Titolo: Apro gli occhi
Autore: Dario Vergari
Genere: Romanzo noir-horror
Casa editrice: Brè Edizioni
Disponibile in ebook a € 3,99
E in formato cartaceo a € 14,25
TRAMA:
Un puzzle. Apro gli occhi è un romanzo puzzle, lo si capisce subito. Decine di caselle, frammenti, vite, persone, vicende, misteri, delitti, morti che diventano orrore puro, ma anche terrorismo, rivoluzioni, rivoluzionari, pazzi, santi, brave persone e mostri umani.
Dario Vergari, con rara abilità, ci porta in un viaggio tra i misteri d’Italia, vicende a tutti note che si mescolano tra fantasia e incubo, tra realtà e ossessioni in grado di portare alla pazzia i protagonisti di questo giallo horror. Aprite gli occhi, tutto sta per accadere!
BREVI ESTRATTI:
Lo scheletro di Cesare si sveglia correndo nel bosco buio, si tasta le gambe, le braccia, il torace. Tutto regolare… ha un attimo di esitazione prima di portare le mani al viso. Cosa succederebbe se un dito si conficcasse in un’orbita vuota? Continuerebbe a urlare finché ha fiato, questo è certo. Per sua fortuna la faccia è ancora lì, molliccia, stropicciata e sudata. Non è un bell’incontro con sé stessi di primo mattino, ma quanto basta a capire di avere sognato, e di essere ancora abbastanza vivo. La sua faccia allo specchio conferma l’impressione, nessun morto potrebbe avere un aspetto più insalubre: occhi rossi, pelle flaccida, doppio mento e barba ispida. Tira fuori la lingua e con la velocità di un ramarro la ritrae disgustato. Si guarda la pancia che ormai da anni ha rinunciato a contenere entro limiti dignitosi.

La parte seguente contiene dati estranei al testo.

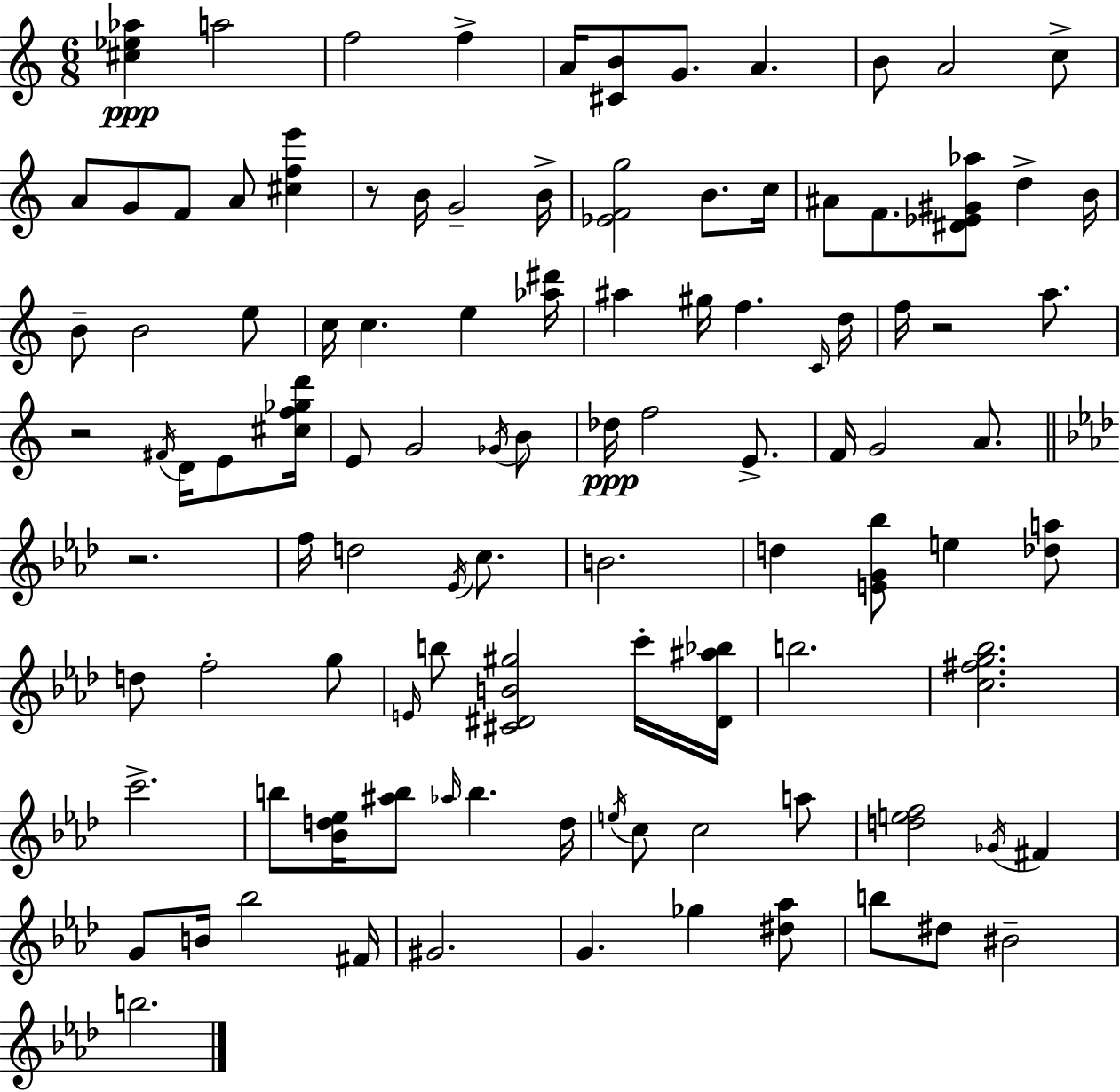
{
  \clef treble
  \numericTimeSignature
  \time 6/8
  \key c \major
  <cis'' ees'' aes''>4\ppp a''2 | f''2 f''4-> | a'16 <cis' b'>8 g'8. a'4. | b'8 a'2 c''8-> | \break a'8 g'8 f'8 a'8 <cis'' f'' e'''>4 | r8 b'16 g'2-- b'16-> | <ees' f' g''>2 b'8. c''16 | ais'8 f'8. <dis' ees' gis' aes''>8 d''4-> b'16 | \break b'8-- b'2 e''8 | c''16 c''4. e''4 <aes'' dis'''>16 | ais''4 gis''16 f''4. \grace { c'16 } | d''16 f''16 r2 a''8. | \break r2 \acciaccatura { fis'16 } d'16 e'8 | <cis'' f'' ges'' d'''>16 e'8 g'2 | \acciaccatura { ges'16 } b'8 des''16\ppp f''2 | e'8.-> f'16 g'2 | \break a'8. \bar "||" \break \key f \minor r2. | f''16 d''2 \acciaccatura { ees'16 } c''8. | b'2. | d''4 <e' g' bes''>8 e''4 <des'' a''>8 | \break d''8 f''2-. g''8 | \grace { e'16 } b''8 <cis' dis' b' gis''>2 | c'''16-. <dis' ais'' bes''>16 b''2. | <c'' fis'' g'' bes''>2. | \break c'''2.-> | b''8 <bes' d'' ees''>16 <ais'' b''>8 \grace { aes''16 } b''4. | d''16 \acciaccatura { e''16 } c''8 c''2 | a''8 <d'' e'' f''>2 | \break \acciaccatura { ges'16 } fis'4 g'8 b'16 bes''2 | fis'16 gis'2. | g'4. ges''4 | <dis'' aes''>8 b''8 dis''8 bis'2-- | \break b''2. | \bar "|."
}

«Che schifo invecchiare» confessa al tubetto di dentifricio. Getta un’occhiata sospettosa alla bilancia e poi con un piede le dà una spinta fino a rispedirla sotto il mobiletto degli asciugamani.

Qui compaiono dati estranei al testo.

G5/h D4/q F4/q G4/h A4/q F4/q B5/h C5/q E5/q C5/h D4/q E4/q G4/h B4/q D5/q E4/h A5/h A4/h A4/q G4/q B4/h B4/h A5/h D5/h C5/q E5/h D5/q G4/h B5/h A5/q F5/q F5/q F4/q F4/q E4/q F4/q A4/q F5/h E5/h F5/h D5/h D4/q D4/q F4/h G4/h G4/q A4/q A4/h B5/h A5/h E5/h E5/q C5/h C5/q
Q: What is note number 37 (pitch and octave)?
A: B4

Occhio non vede, pancia non duole.
Uscire dal vagone ferroviario che ferma in Centrale, è come uscire da un’incubatrice incrostata di sonno e catarro da fumatore. Respira una boccata d’aria gelida e dribbla la folla per infilarsi veloce nella galleria della metropolitana.
“Sono troppo vecchio per fare questa vita” pensa scansando valige e borsoni. Mancano solo centoquarantaquattro giorni alla fine di maggio. All’inizio della temuta e agognata libertà. Scende a Missori, come sempre. Come sempre al termine della scala che porta in piazza Velasca l’odore di cipolla che proviene dalla vicina pizzeria gli travolge le narici, l’ombra della Torre gli manda un brivido su per la schiena.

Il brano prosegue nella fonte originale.